An article in the Washington Post begins with the headline “Starting college? Here’s how to graduate with a job,” a question that has been the topic of so many articles since the Great Recession of 2008.
The article’s author and Post writer, Jim Tankersley, disputes the growing rumor that a student must graduate with a STEM (science, technology, engineering, and math) degree in order to secure a job after college. He qualifies that while there is a need for employees in these fields, there is hope for other careers.
The article offers five pieces of advice to college students about how to find their first job—something the author makes clear is different than their long-term or life-long job.
#1: Start thinking during first-year orientation about finding a job, suggesting students begin thinking about life after graduation sooner rather than later and use the career-finding resources on their campus early on.
#2: Don’t pick a job just yet, advising students to evaluate themselves when they first arrive on campus, figuring out what their interests, passions, and values are, rather than committing to a job they may later find is not for them.
#3: Sharpen skills employers are looking for, such as critical reading, strong writing, problem solving, data analytics, and the ability to work in a group as particularly important skill sets for college graduates.
#4: Build your resume and your brand, stressing the importance of internships and applied experience, as well as using online mediums to market a student’s unique skill set.
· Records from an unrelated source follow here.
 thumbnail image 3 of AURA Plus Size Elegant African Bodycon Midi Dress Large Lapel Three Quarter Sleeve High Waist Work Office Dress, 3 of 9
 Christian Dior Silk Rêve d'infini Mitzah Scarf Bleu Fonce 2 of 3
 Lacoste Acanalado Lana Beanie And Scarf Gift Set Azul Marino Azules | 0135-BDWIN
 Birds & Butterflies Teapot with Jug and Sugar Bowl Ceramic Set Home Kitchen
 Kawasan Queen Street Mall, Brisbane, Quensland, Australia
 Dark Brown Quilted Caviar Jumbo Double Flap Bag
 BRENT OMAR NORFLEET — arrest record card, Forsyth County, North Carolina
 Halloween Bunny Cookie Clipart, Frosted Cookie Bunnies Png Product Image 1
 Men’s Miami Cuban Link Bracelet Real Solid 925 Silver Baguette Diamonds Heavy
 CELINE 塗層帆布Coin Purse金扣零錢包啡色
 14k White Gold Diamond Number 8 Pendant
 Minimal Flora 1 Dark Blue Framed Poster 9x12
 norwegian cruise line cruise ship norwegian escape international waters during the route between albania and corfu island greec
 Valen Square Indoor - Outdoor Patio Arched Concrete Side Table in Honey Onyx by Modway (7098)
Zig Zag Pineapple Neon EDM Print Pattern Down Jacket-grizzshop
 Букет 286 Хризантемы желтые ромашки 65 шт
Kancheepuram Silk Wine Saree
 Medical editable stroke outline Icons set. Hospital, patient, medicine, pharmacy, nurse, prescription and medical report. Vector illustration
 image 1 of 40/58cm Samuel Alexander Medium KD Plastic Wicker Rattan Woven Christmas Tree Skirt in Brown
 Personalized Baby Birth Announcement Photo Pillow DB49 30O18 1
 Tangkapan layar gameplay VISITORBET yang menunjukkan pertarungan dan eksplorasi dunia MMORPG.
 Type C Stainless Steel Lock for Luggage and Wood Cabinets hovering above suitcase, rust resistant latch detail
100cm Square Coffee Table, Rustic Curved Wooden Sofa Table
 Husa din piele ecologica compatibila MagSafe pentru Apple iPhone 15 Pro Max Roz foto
#5: Prepare to begin humbly. Andy Chan, the vice president for personal and career development at Wake Forest University says, “People are trying to measure the value of your education by how much money you make in your first job out of school. I think that’s messed up.” The author points out that due to the changing nature of the job market, graduates “don’t need to worry as much about finding the perfect position, with the well-formed ladder of advancement attached.”